Chapitre 3: Et j'aimais maman

292 20 0
                                    

 Mon petit frère et moi étions en train de jouer à lancer des cailloux dans la rivière, lorsque nous avons entendu un cri, puis des grognements. Du village, s'est élevé tout un tas de bruits que l'on entendait seulement dans les films que maman regardait. Mon petit frère s'est transformé en ourson à lunettes, et nous avons couru en direction du village. Puis nous nous sommes figées.

Il y avait tout un tas d'animaux qui se battaient, des cris dans tous les sens, des coups à tout va. Un élan tentait d'échapper aux griffes d'un guépard. Deux loups se battaient sauvagement en duel. Un boeuf musqué se retrouvait entouré par plusieurs hyènes tachetées. Un gypaète barbu ne cessait de piquer sur un coyote qui se débattait de l'emprise d'un python royal.

Puis un immense lion est sorti de la grande maison de Père. Il avait une cicatrice sur l'oeil comme Scar dans le roi lion, sauf que lui, était grand et fort. Il a rugi férocement, et s'est jeté sur un lycaon et l'a envoyé contre un arbre, avant de venir en aide au Clan. L'ambiance était assourdissante et aveuglante. Mon petit frère a poussé un petit gémissement et m'a attrapé par la manche pour m'emmener derrière un gros rocher sur lequel nous aimions bien jouer. Tout avait dérapé, tout le monde se battait. Certains gagnaient, certains perdaient.

Rapidement, il y eut beaucoup de corps humains, tous à la peau arrachée d'où dégoulinait du sang. Mon frère avait repris forme humaine et s'était mis à pleurer. Je l'avais pris dans mes bras. Maman nous avait un jour dit qu'un câlin pouvait guérir tous les maux. J'aimais maman, mais je ne la voyais pas dans le combat, il n'y avait pas d'ours à lunettes ressemblant à maman. Maman était donc en sécurité...

L'immense lion a donné un puissant coup de patte au jaguar, et celui-ci est tombé à terre en retrouvant sa forme humaine. Les quelques oiseaux qui restaient s'envolèrent, les grands carnivores partirent en boitant, et un serpent se faufila sur le sol feuillu. Il n'y avait plus de bruit, plus de coups, plus de grognements, juste du sang et des cadavres sanguinolents. Une odeur de métal flottait dans l'air. Mais Père était vivant, il reprenait forme humaine, pressant son bras qui saignait. Et maman était en sécurité. Les blessés s'aidèrent, les intrus agonisants furent tués.

Soudain, quelqu'un cria. C'était Marraine, elle sortait de derrière la maison de Père, les mains recouvertes de sang. Elle s'effondra aux pieds de Père, versant toutes les larmes de son corps. Père baissa son regard sur elle, et Marraine s'accrocha désespérément au bras blessé de Père. J'aimais Père, je ne voulais pas le voir blessé. J'aimais Marraine, je ne voulais pas la voir pleurer.

- Jeff, c'est terrible ! C'est... C'est ma soeur, Yasmine ! Elle... Elle a été tuée !
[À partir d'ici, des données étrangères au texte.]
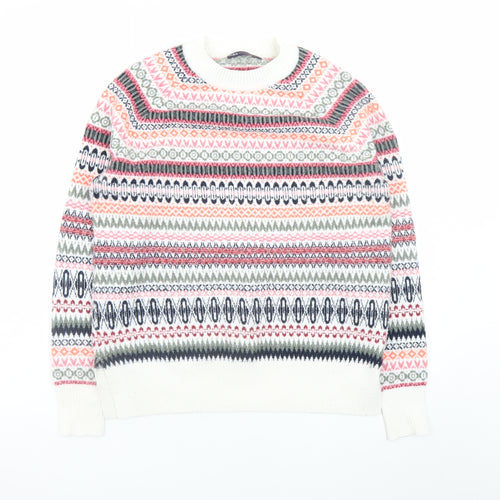 Marks and Spencer Women's Multicoloured Fair Isle Crew Neck Jumper Size S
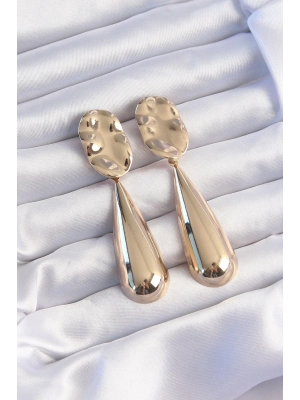 ® Pirinç Gold Renk Uzun Bombeli Ezme Plaka Küpe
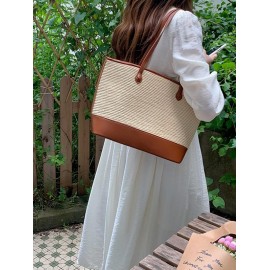 Women's Daily Casual Beach Vacation Colorblock Two Tone Straw Tote Shoulder Bag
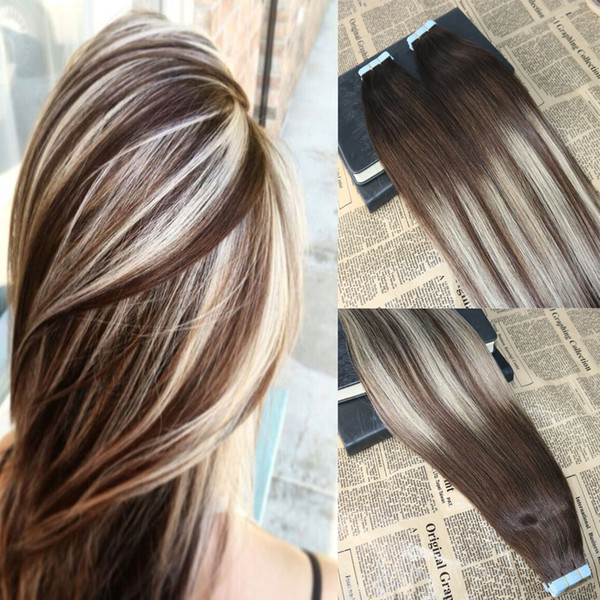 Omber Tape in Hair Extensions Color #3 Fading to #24 Highlighted Tape in Extensions Human Hair 8A Grade Glue in Extensions 100g/40pcs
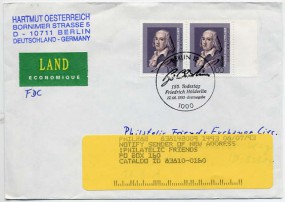 1993, 17.Jun., FDC m. MeF. 1000 BERLIN 12 - 150. TODESTAG FRIEDRICH HÖLDERLIN(So.-Stpl.)...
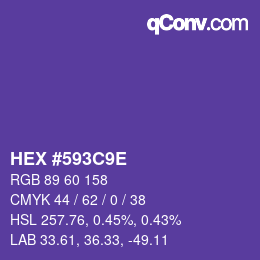 カラーコード: HEX #593C9E | qconv.com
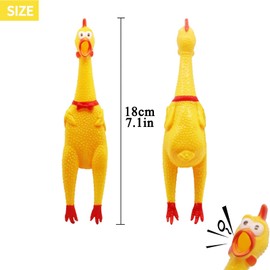GAJPBLK 6 Pack Rubber Screaming Chicken Toy Yellow Rubber Squeaking Chicken Toy Novelty and Durable Rubber Chicken, Shrilling Decompression Tool Gadgets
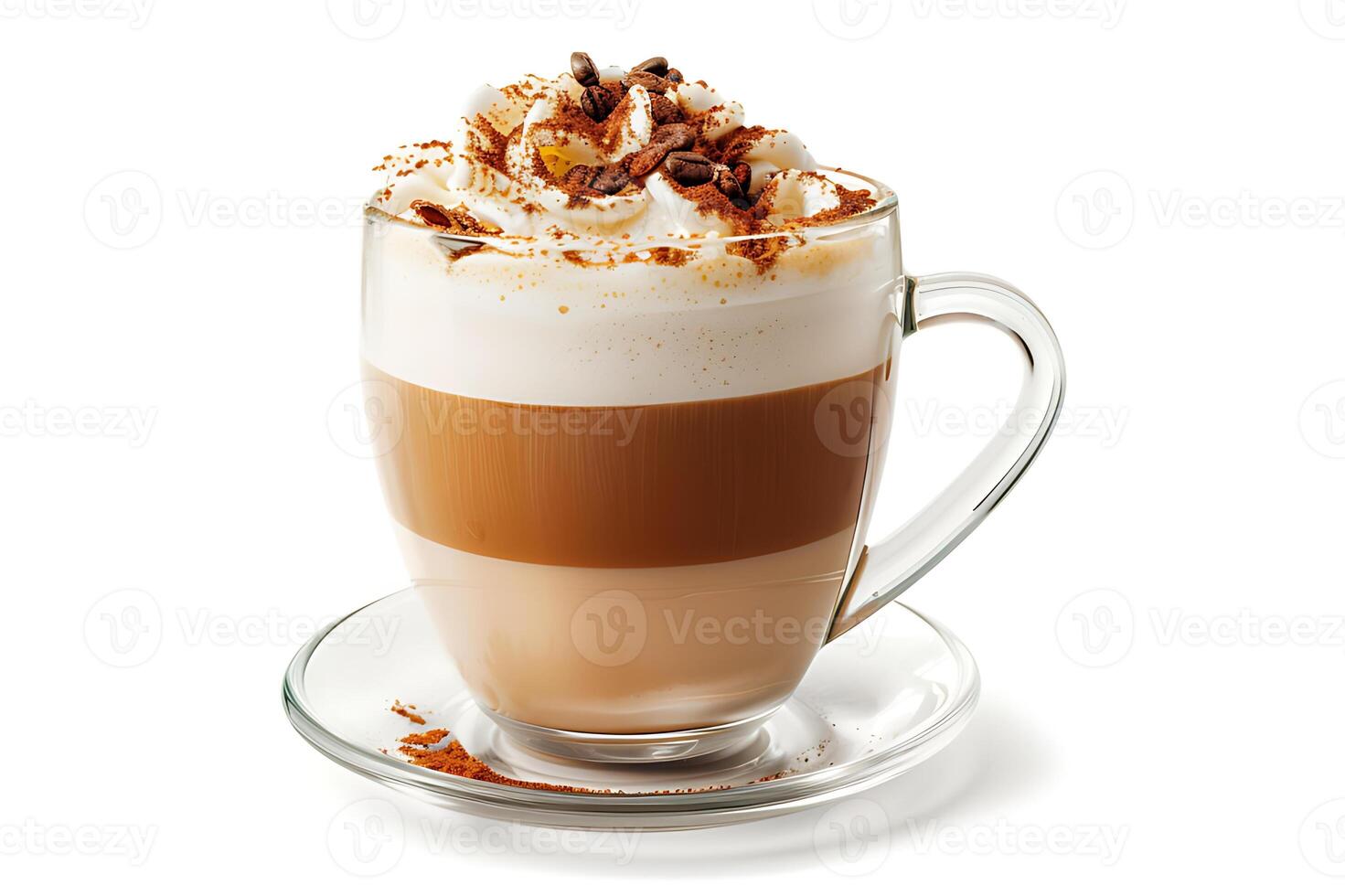 realistic cappuccino hot isolated on white background. Clipping path included photo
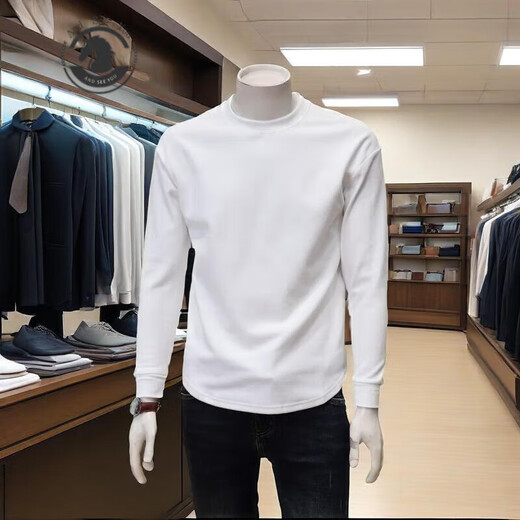 Andseeyou Brand Herren-Langarm-geschlechtsfreies T-Shirt, neue Herbst- und Winterstil Nationales Trendbasis-Shirt, trendige lässige T-Shirt-Modekleidung, UU753 Model, Dark Grey XL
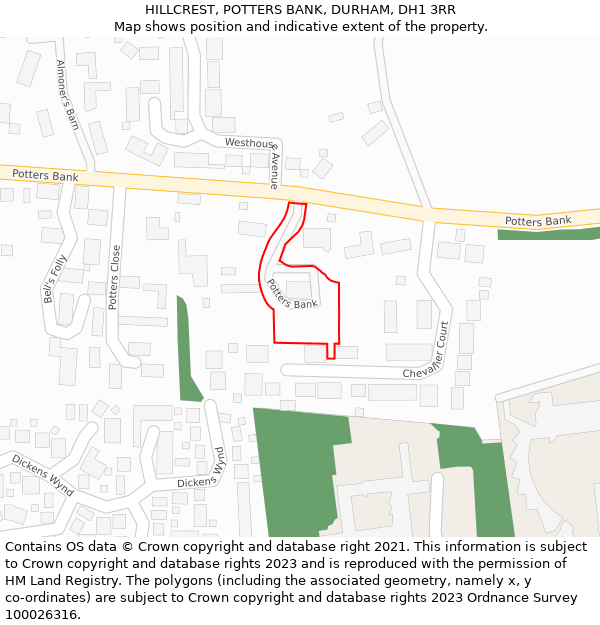 HILLCREST, POTTERS BANK, DURHAM, DH1 3RR: Location map and indicative extent of plot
Puis Marraine, en pleure, s'effondra au sol. Je ne comprenais pas toujours tout au discours des adultes, mais ça, je l'avais compris. Maman nous l'avait expliqué une fois, devant la télé. J'aimais maman... Maman ne nous ferait plus de câlins, maman ne nous ferait plus de bisous, maman ne nous ferait plus à manger, maman ne nous sourirait plus, maman ne nous emmenait plus à la rivière. Maman n'était plus là. J'aimais maman, tout le monde aimait maman.

- Tu t'occuperas de ses enfants, Aya.

Puis Père est rentré dans sa grande maison. Marraine pleurait toujours autant que ses mains étaient couvertes de sang. Les cadavres se faisaient ramasser par les blessés. Et dans un coin, près du feu éteint, se tenait Zack. Zack s'est accroupi près d'un corps à la gorge tranchée, mais dont la poitrine se soulevait toujours. Zack a souri et de sa main, a couvert la bouche de la personne. Elle a gesticulé, puis s'est arrêtée. Zack a croisé mon regard et m'a souri. Je n'ai jamais aimé ni son sourire ni son regard. Mais j'aimais Père, et Père aimait Zack. Marraine aussi aimait Zack. Tout comme j'aimais maman et petit frère, j'aimais Père, et j'aimais Marraine. Alors j'aimais Zack.